Subject: Re: Restartable Sequences system call merged into Linux

On 06/14/2018 03:25 PM, Pavel Machek wrote:

> But the proposal wanted to add a syscall to thread creation, right?
> And I believe that may be noticeable.

We already call set_robust_list, so we could just pass a larger area to
that and the kernel could use it.

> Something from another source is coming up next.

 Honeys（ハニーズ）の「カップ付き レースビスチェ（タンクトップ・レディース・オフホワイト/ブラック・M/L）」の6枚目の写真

Then no additional system call would
be needed in the common case (new kernel which recognizes the new area
size).

But then we cannot use an initial-exec thread local variable for it
(although the offset from the thread pointer will still be constant, of
course).

Thanks,
Florian

2018-06-14 13:40:40

by Mathieu Desnoyers

[permalink] [raw]

Subject: Re: Restartable Sequences system call merged into Linux

----- On Jun 14, 2018, at 9:25 AM, Pavel Machek [email protected] wrote:

> Hi!
>
>> >> >>>> It should be noted that there can be only one rseq TLS area registered per
>> >> >>>> thread,
>> >> >>>> which can then be used by many libraries and by the executable, so this is a
>> >> >>>> process-wide (per-thread) resource that we need to manage carefully.
>> >> >>>
>> >> >>> Is it possible to resize the area after thread creation, perhaps even
>> >> >>> from other threads?
>> >> >>
>> >> >> I'm not sure why we would want to resize it. The per-thread area is fixed-size.
>> >> >> Its layout is here: include/uapi/linux/rseq.h: struct rseq
>> >> >
>> >> > Looks I was mistaken and this is very similar to the robust mutex list.
>> >> >
>> >> > Should we treat it the same way? Always allocate it for each new thread
>> >> > and register it with the kernel?
>> >>
>> >> That would be an efficient way to do it, indeed. There is very little
>> >> performance overhead to have rseq registered for all threads, whether or
>> >> not they intend to run rseq critical sections.
>> >
>> > People with slow / low memory machines would prefer not to see
>> > overhead they don't need...
>>
>> In terms of memory usage, if people don't want the extra few bytes of memory
>> used by rseq in the kernel, they should use CONFIG_RSEQ=n.
>>
>> In terms of overhead, let's have a closer look at what it means: when a thread
>> is registered to rseq, but does not enter rseq critical sections, only this
>> extra work is done by the kernel:
>>
>> - rseq_preempt(): on preemption, the scheduler sets the TIF_NOTIFY_RESUME thread
>> flag, so rseq_handle_notify_resume() can check whether it's in a rseq critical
>> section when returning to user-space,
>> - rseq_signal_deliver(): on signal delivery, rseq_handle_notify_resume() checks
>> whether it's in a rseq critical section,
>> - rseq_migrate: on migration, the scheduler sets TIF_NOTIFY_RESUME as well,
>
> Yes, this is not likely to be noticeable.
>
> But the proposal wanted to add a syscall to thread creation, right?
> And I believe that may be noticeable.

Fair point! Do we have a standard benchmark that would stress this ?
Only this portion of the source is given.